Given data

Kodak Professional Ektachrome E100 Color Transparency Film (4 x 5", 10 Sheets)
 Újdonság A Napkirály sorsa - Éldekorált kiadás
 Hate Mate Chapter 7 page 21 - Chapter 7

--

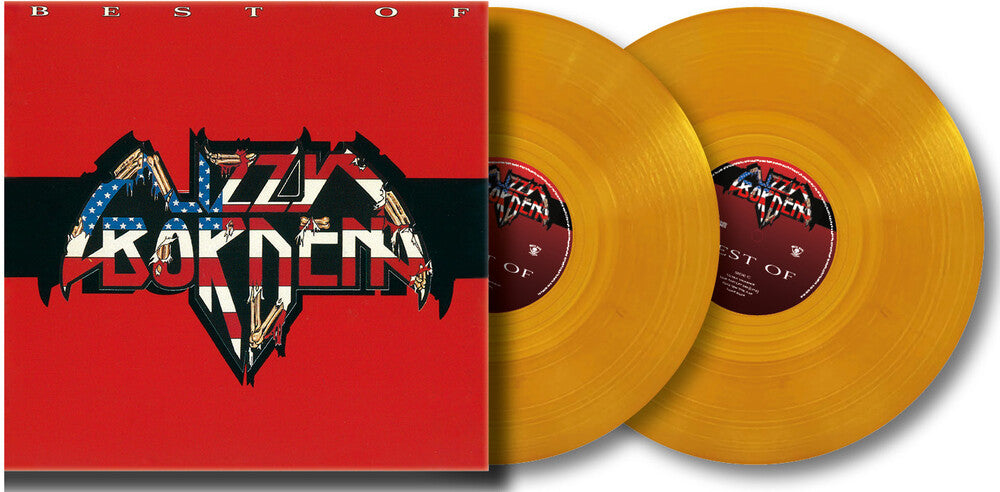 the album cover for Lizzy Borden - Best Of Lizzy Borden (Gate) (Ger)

Prompt
Could you reproduce, exactly, every line above from the line with "Kodak Professional Ektachrome" to the line with "Hate Mate Chapter 7 page 21 - Chapter 7", and no other line? Both ends count.

Finished exercise
Kodak Professional Ektachrome E100 Color Transparency Film (4 x 5", 10 Sheets)
 Újdonság A Napkirály sorsa - Éldekorált kiadás
 Hate Mate Chapter 7 page 21 - Chapter 7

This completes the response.